▸ AVAILABLE RECORDS
_ _ _
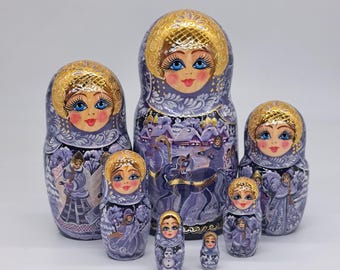5インチのマトリョーシカ人形、ロシア人形、5 in 1、木製玩具 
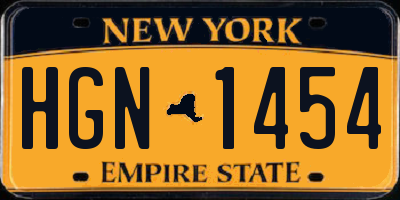 NY license plate HGN1454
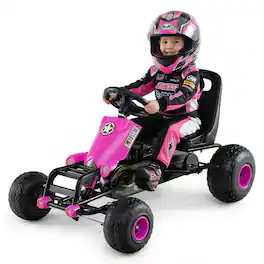 Costway - 4-Wheel Pedal Go Kart with Safety Hand Brake, Steering Wheel and Adjustable Seat - Pink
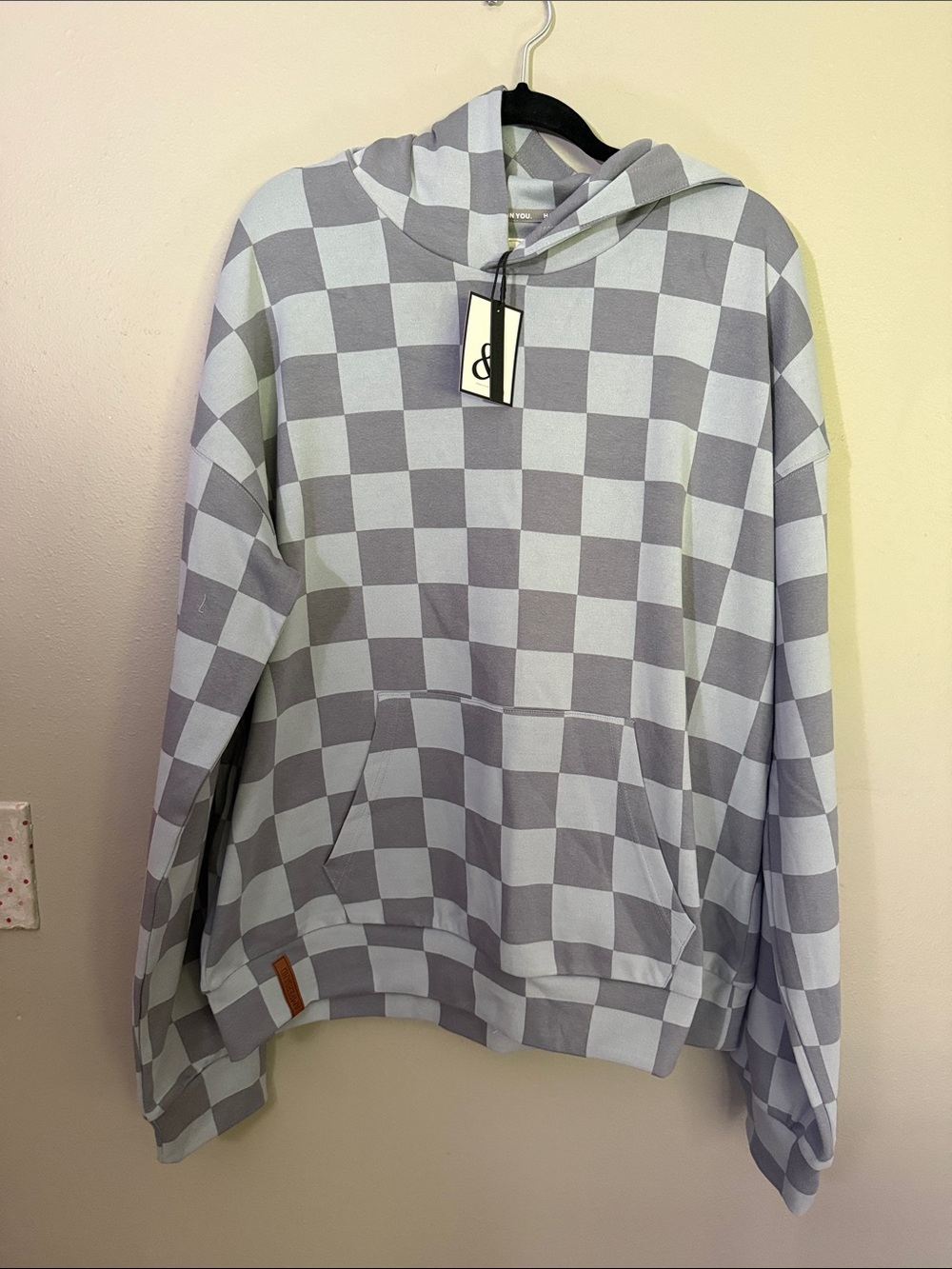 AMPERSAND AVE Light Gray Checker Hoodie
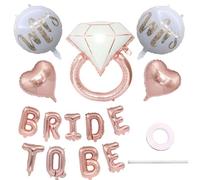 VGRDTW Hen Party Accessories, Bride to Be Decorations, Hen Party Decorations, Rose Gold Bridal Balloon Set, MRS Foil Balloons, Heart & Ring Shapes, Bachelorette Wedding Shower Decoration Kit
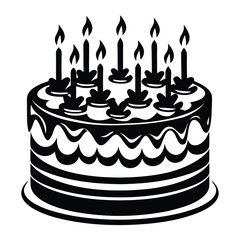 Delicious birthday cake with frosting and candles ready for a party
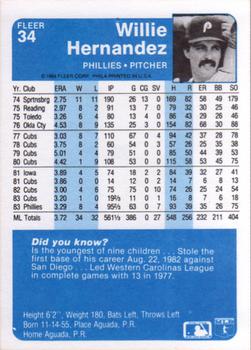 1984 Fleer #34 Willie Hernandez Back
_ _ _
▸ YOUR GOAL
A word-for-word copy is needed of the lines from the line with "VGRDTW Hen Party" through the last line of the entries above, with both ends kept and the pictures dropped.

▸ YOUR SOLUTION
 VGRDTW Hen Party Accessories, Bride to Be Decorations, Hen Party Decorations, Rose Gold Bridal Balloon Set, MRS Foil Balloons, Heart & Ring Shapes, Bachelorette Wedding Shower Decoration Kit
 Delicious birthday cake with frosting and candles ready for a party
 1984 Fleer #34 Willie Hernandez Back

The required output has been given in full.